**WORK INSTRUCTION:**
Exact copy, no pictures: return only the lines below from the line with "Lagute Ultrasonic Air" up to and including the line with "Victoria Beckham jerawatan".

**INFORMATION SUPPLIED:**
# # #

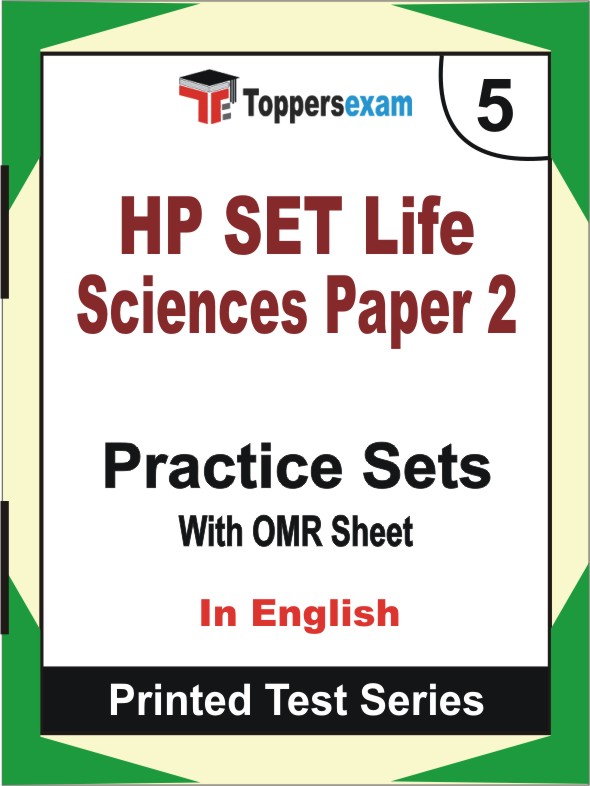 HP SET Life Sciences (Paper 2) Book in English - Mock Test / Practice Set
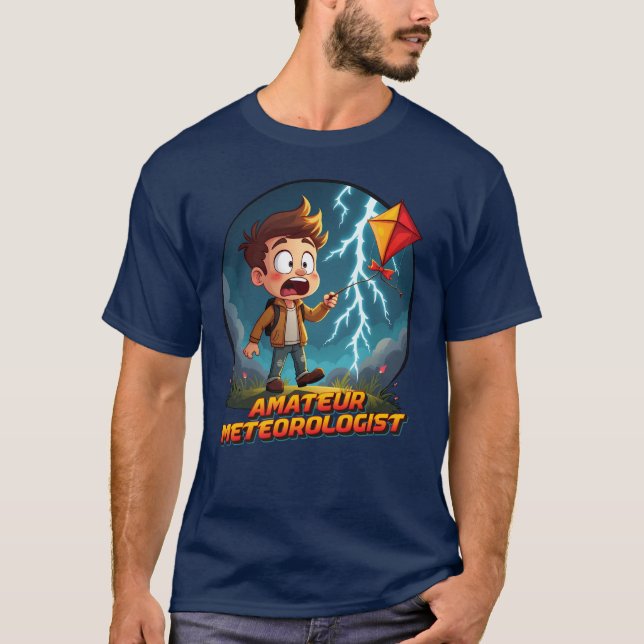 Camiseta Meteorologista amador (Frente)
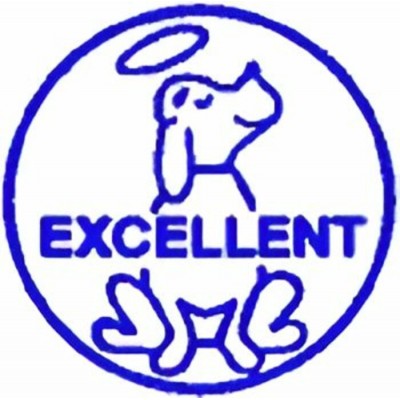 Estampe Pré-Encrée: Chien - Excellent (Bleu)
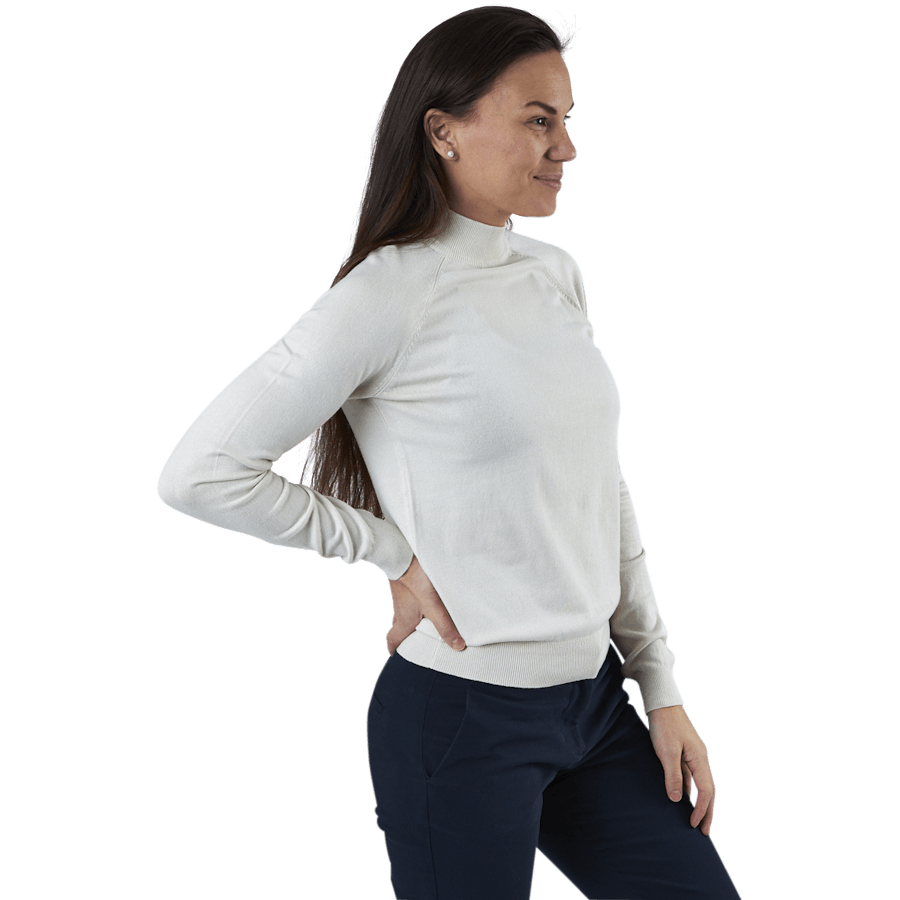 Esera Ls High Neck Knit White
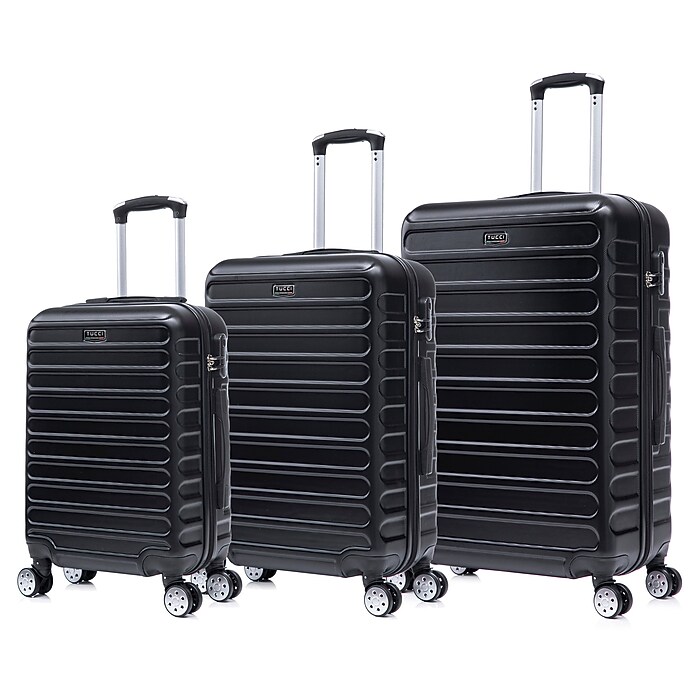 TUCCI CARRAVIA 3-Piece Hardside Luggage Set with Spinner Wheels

# # #

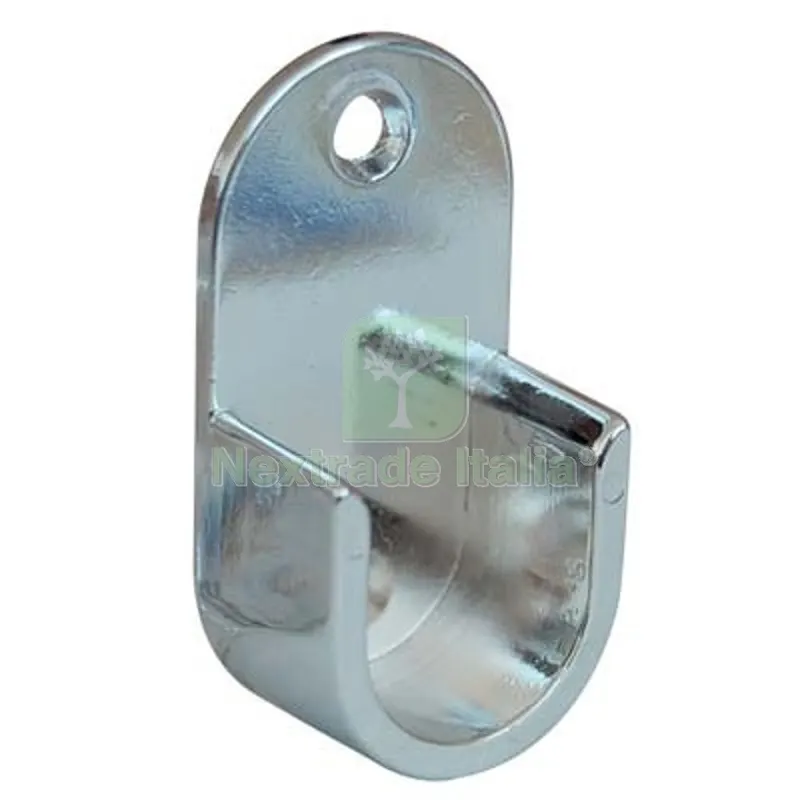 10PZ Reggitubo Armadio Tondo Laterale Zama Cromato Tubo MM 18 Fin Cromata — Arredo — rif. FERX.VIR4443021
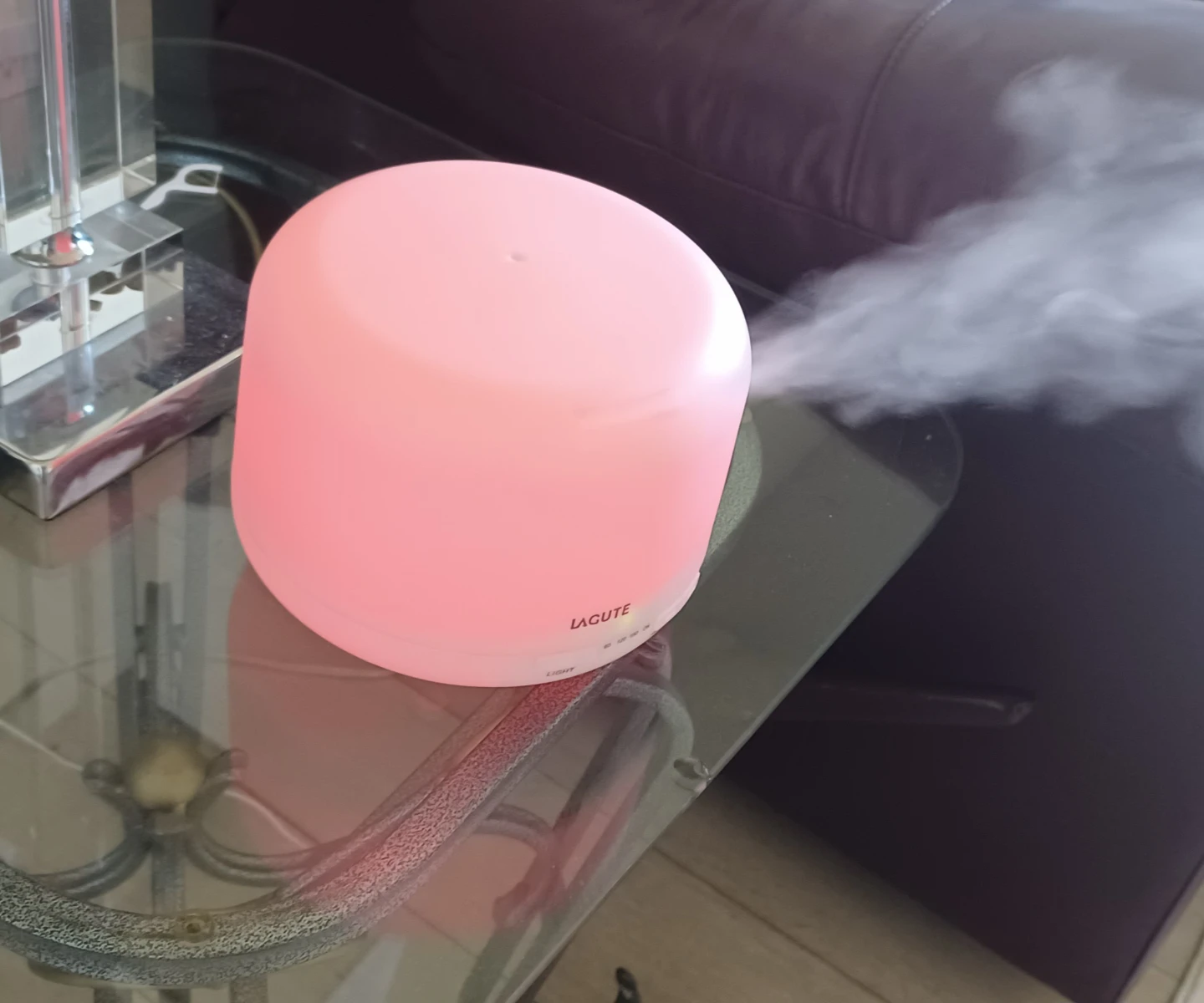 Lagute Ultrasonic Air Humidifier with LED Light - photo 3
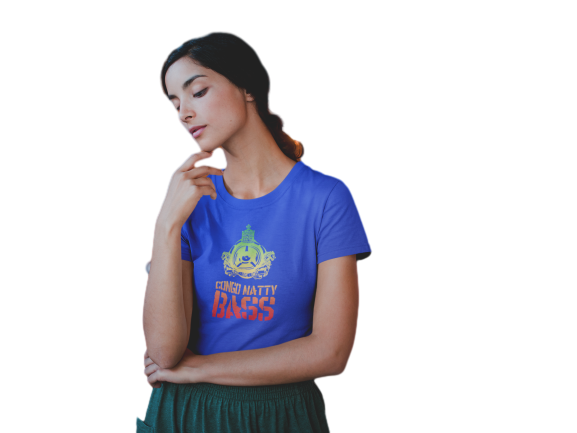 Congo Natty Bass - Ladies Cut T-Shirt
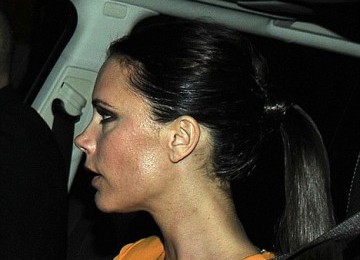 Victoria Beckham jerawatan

# # #

**EXERCISE RESPONSE:**
 Lagute Ultrasonic Air Humidifier with LED Light - photo 3
 Congo Natty Bass - Ladies Cut T-Shirt
 Victoria Beckham jerawatan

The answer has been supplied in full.